Prompt: Leaving out each picture, transcribe the lines of the listing below exactly from the first through the line that contains "Looking to build".

Supplied entries:
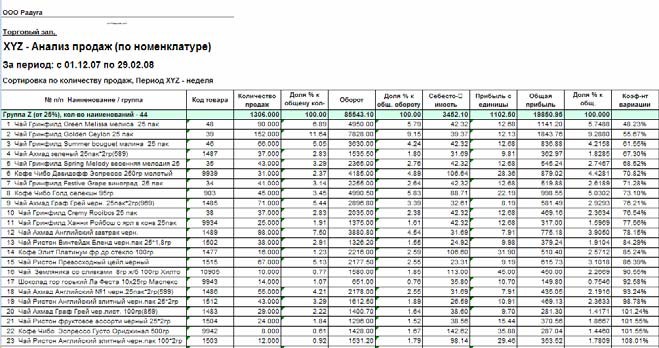 Изображение выглядит как стол Автоматически созданное описание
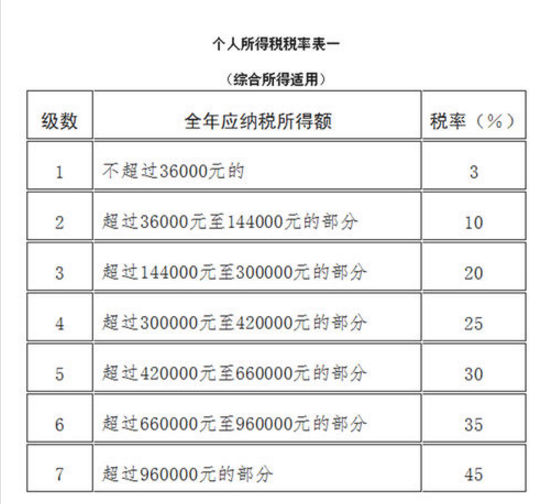 新澳全年免費資料大全，探索與利用的資源寶庫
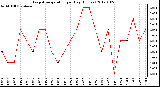 Milwaukee Weather Evapotranspiration per Day (Inches)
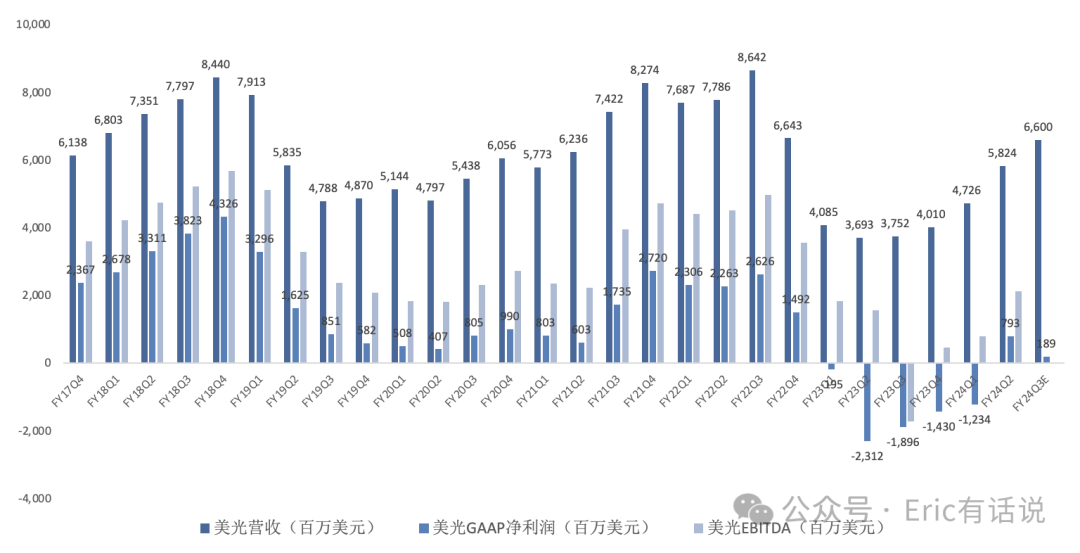 美光FY24Q2财报一览：AI助力存储开启上行周期
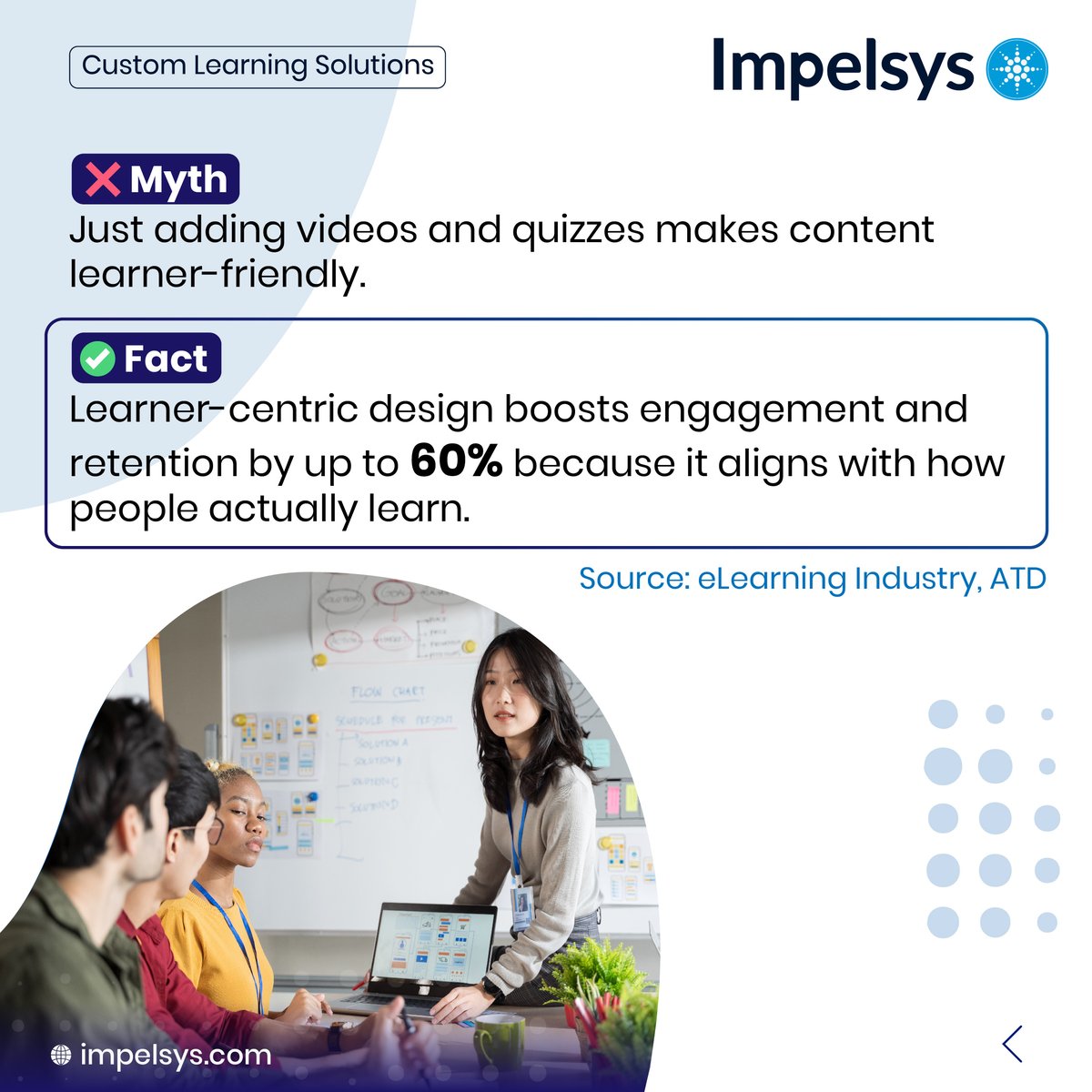 Impelsys's tweet image. Swipe through to explore the facts vs. myths of modern learning that truly sticks.
From #microlearning to #customsolutions, it&apos;s time to design with your learners in mind.
Looking to build #customlearningsolutions that drive real results?
📩 Contact us at marketing@impelsys.com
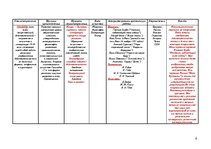 Konspekts 'Таблица стилей и направлений в искусстве', 6.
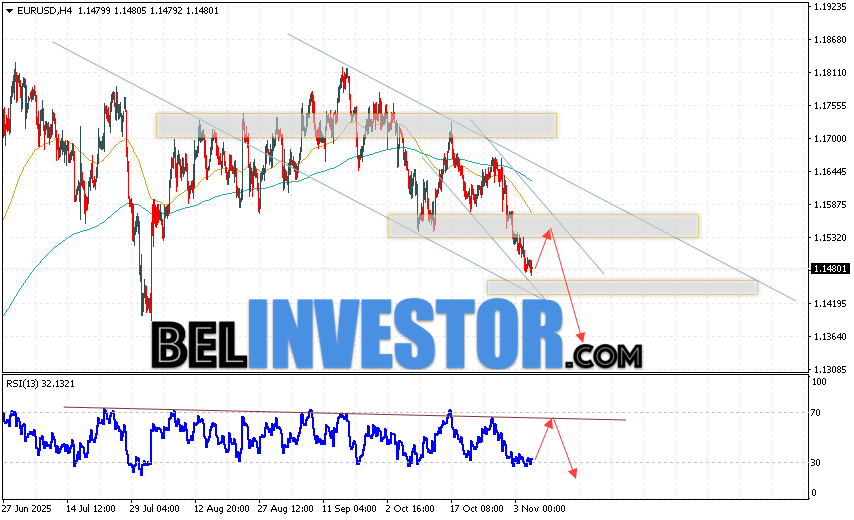 EUR/USD прогноз Евро Доллар на 6 ноября 2025 Валютная пара Евро Доллар EUR/USD продолжает движение в рамках развития коррекции и нисходящего канала. Скользящие средние указывают на наличие краткосрочной медвежьей тенденции по паре. Цены пробили область между сигнальными линиями вниз, что указывает на давление со стороны продавцов европейской валюты и потенциальное продолжение падения котировок валютной пары уже с текущих уровней. В момент публикации прогноза курс Евро к Доллару на сегодня составляет 1.1480. В рамках Форекс прогноза на 6 ноября 2025 стоит ожидать попытку развития бычьей коррекции и тест уровня сопротивления, который располагается на паре EUR/USD вблизи области 1.1530. Далее, отскок цен вниз и начало развития медвежьего импульса на валютной паре Евро Доллар. Потенциальной целью такого движения на FOREX выступает область ниже уровня 1.1365.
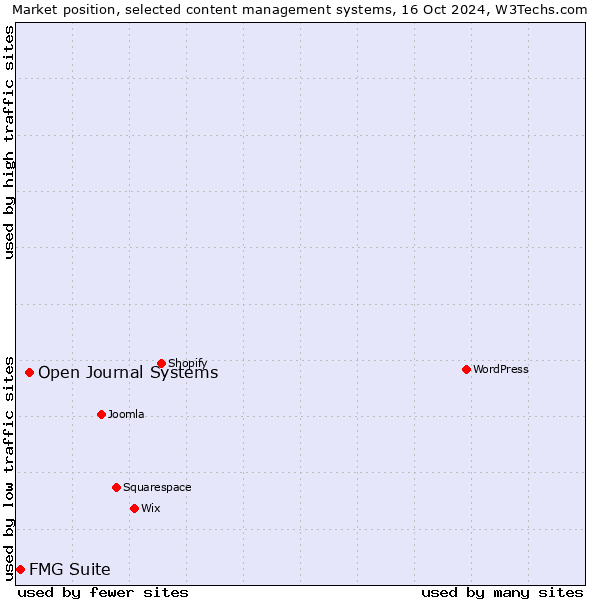 Market position of Open Journal Systems vs. FMG Suite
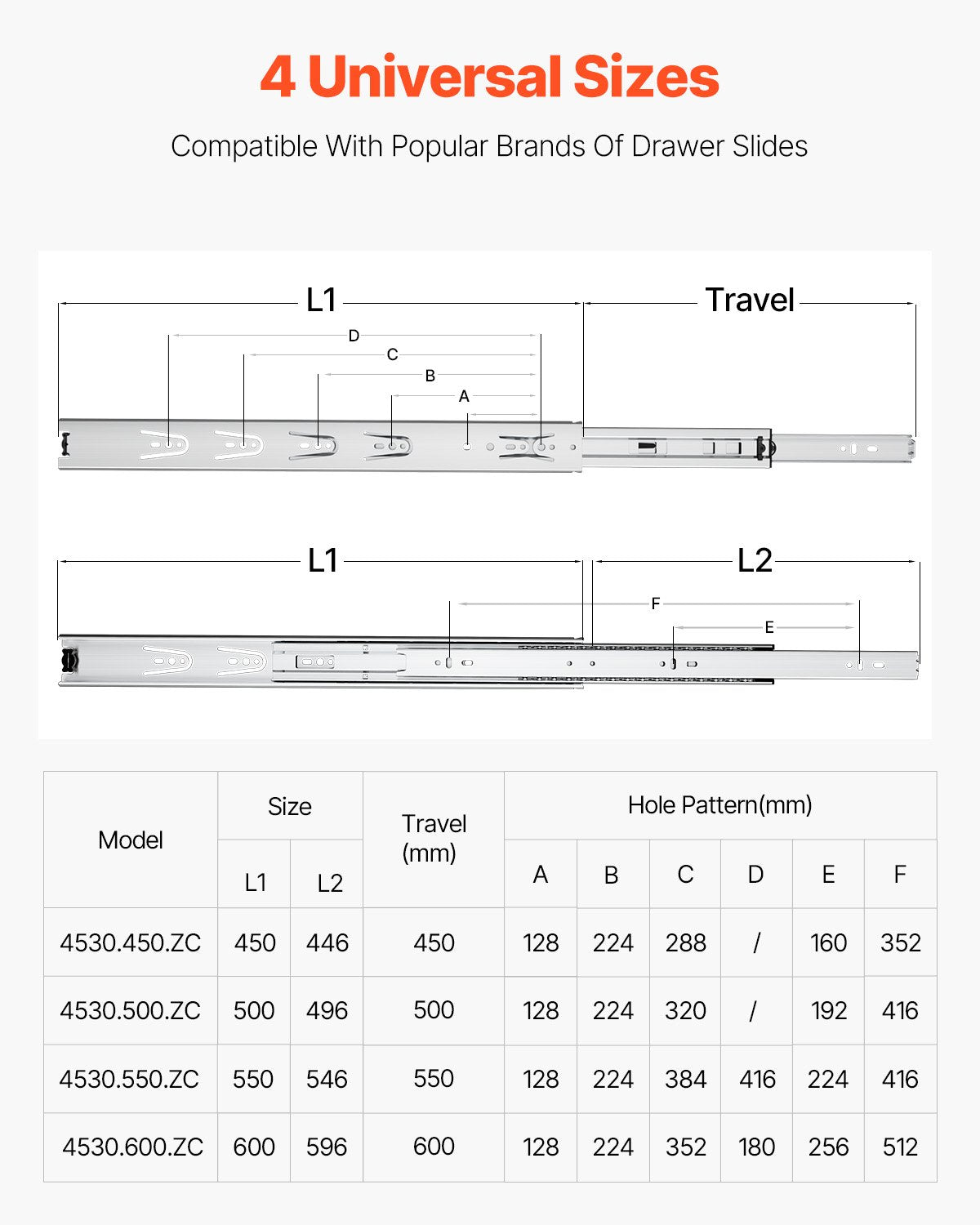 Drawer Cabinet Slides Side Mount 22 inch 10 Pairs 100 LB Load Replacement V952-CZCJCTDG100LW77EDV0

Response:
 Изображение выглядит как стол Автоматически созданное описание
 新澳全年免費資料大全，探索與利用的資源寶庫
 Milwaukee Weather Evapotranspiration per Day (Inches)
 美光FY24Q2财报一览：AI助力存储开启上行周期
 Impelsys's tweet image. Swipe through to explore the facts vs. myths of modern learning that truly sticks.
From #microlearning to #customsolutions, it&apos;s time to design with your learners in mind.
Looking to build #customlearningsolutions that drive real results?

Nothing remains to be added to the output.